Paul Bush (2 February 1956 – 17 August 2023) was a British experimental film director and animator.

==Life and career==
Bush was born in London in 1956. The son of classical composer Geoffrey Bush, he studied Fine Art at Goldsmiths College under Michael Craig-Martin. He later taught himself how to make films while a member of the London Film-Makers' Co-op. He made numerous short and medium length films including The Cows Drama (1984), His Comedy (1994), Rumour of True Things (1996), Furniture Poetry (1999), While Darwin Sleeps (2004), and many others. He won prizes at animation festivals in the Netherlands, Barcelona, Zagreb, Hiroshima, Bombay, Chicago and other places throughout the world. His website contains extracts of many of his films.

In addition to directing and animating, Bush pioneered a technique seen in a number of his films, including The Albatross. The technique involves scratching frame by frame directly into the surface of colour filmstock over live action footage, creating an animated sequence which resembles traditional wood engraving. From 2002 Bush increasingly focused on time lapse portraits of people and more conventional animation including a collaboration with artist Lisa Milroy which produced Geisha Grooming (2003).

Between 1981 and 1993, Bush also taught film-making, established a film workshop in South London, and supervised a wide variety of courses and the production of numerous student films. Between 1995 and 2001 he taught on the visual arts course at Goldsmiths.

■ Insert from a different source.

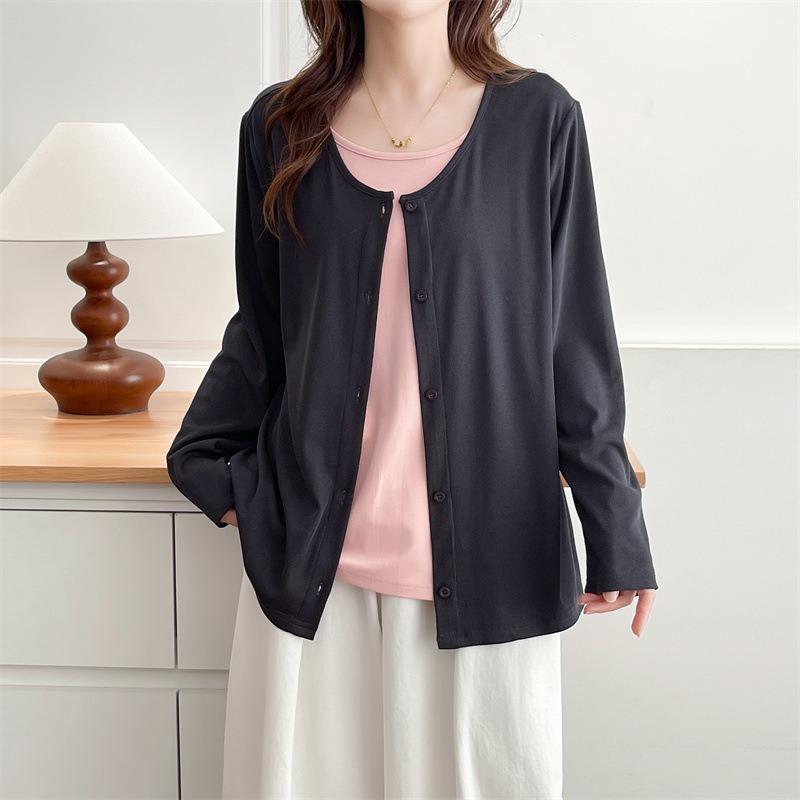 Women s New Fall Casual Long-sleeved Bottoming Top XL сірий
Women s New Fall Casual Long-sleeved Bottoming Top XL сірий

Bush lectured, ran workshops and tutored at numerous art and film courses around the world including:
- Media Academy of Cologne
- National Film Board of Canada
- The Netherlands Institute of Animation Films
- CalArts
- Centro Sperimentale di Cinematografia
- St. Lukas in Brussels
- KASK in Ghent
- Anadolou University in Turkey
- Hochschule Luzern - Design & Kunst
- Royal College of Art
- Duncan of Jordanstone College of Art and Design
- National Film and Television School (NFTS)
- CineToro Film Festival

Bush taught at HGK Lucerne and the NFTS. He lived in London and had two children. On 17 August 2023, he died in a motorcycle accident in Wales. He was 67.